| 32 dead hindu temple { September 25 2002 } Original Source Link: (May no longer be active) http://www.washingtonpost.com/wp-dyn/articles/A62576-2002Sep24.htmlhttp://www.washingtonpost.com/wp-dyn/articles/A62576-2002Sep24.html
32 Dead in Hindu Temple Attack Indian Commandos Storm Site After Gunmen Kill 29
By Thomas Kutty Abraham Reuters Wednesday, September 25, 2002; Page A16
GANDHINAGAR, India, Sept. 25 (Wednesday) -- Commandos today gained control of a Hindu temple in western India that had been taken over by gunmen who killed 29 men, women and children and detained dozens more during a 14-hour siege. Two gunmen were killed in the raid.
Earlier, witnesses reported a long exchange of fire between the elite National Security Guard commandos and the gunmen, followed by two big explosions. A policeman died in the crossfire, and 10 more were wounded.
There was no immediate word on the fate of the dozens of people authorities had locked in buildings in the sprawling temple complex in an effort to keep them safe.
"They are all safe," said state police intelligence inspector K.K. Mysorewala.

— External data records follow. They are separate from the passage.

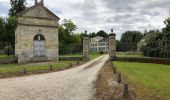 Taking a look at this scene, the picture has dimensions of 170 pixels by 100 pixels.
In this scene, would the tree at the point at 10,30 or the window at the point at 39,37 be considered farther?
the tree at the point at 10,30

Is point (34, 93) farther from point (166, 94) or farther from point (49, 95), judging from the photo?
point (166, 94)

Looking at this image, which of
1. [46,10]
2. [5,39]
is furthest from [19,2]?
[46,10]

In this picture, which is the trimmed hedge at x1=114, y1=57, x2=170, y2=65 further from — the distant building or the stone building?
the distant building

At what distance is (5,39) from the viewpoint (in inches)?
2970

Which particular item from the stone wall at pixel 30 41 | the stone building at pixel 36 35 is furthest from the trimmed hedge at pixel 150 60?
the stone building at pixel 36 35

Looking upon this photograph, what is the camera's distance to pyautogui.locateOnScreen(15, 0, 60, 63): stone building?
3816 cm

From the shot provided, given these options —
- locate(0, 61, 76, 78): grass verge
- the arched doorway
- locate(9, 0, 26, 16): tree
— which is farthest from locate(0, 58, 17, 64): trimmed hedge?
locate(9, 0, 26, 16): tree

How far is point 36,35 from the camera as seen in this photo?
39.6 m

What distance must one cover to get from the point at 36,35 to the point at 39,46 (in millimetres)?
1574

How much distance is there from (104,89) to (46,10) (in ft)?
88.5

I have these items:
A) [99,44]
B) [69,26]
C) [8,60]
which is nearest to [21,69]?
[8,60]

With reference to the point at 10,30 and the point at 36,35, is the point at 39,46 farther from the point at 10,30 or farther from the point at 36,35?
the point at 10,30

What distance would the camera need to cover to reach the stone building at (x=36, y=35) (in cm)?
3816

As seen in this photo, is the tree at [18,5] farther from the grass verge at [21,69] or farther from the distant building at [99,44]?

Police said more than 70 people were injured and about 25 were trapped inside the Akshardham temple complex in Gandhinagar, capital of the western state of Gujarat, where at least 1,000 people, mostly Muslims, were killed in Hindu-Muslim bloodshed earlier this year.
Indian Deputy Prime Minister L.K. Advani blamed "the enemies of the country" for the attack, the most serious in India since Islamic militants allegedly based in Pakistan raided the grounds of the Indian Parliament in December, triggering a military standoff between the nuclear-armed rivals.
Without naming Pakistan, Advani suggested Islamabad was using the attack to shift attention from the disputed region of Kashmir. State elections are currently underway in the Indian-controlled part, the state of Jammu and Kashmir. "I see in this a very deliberate design," he said.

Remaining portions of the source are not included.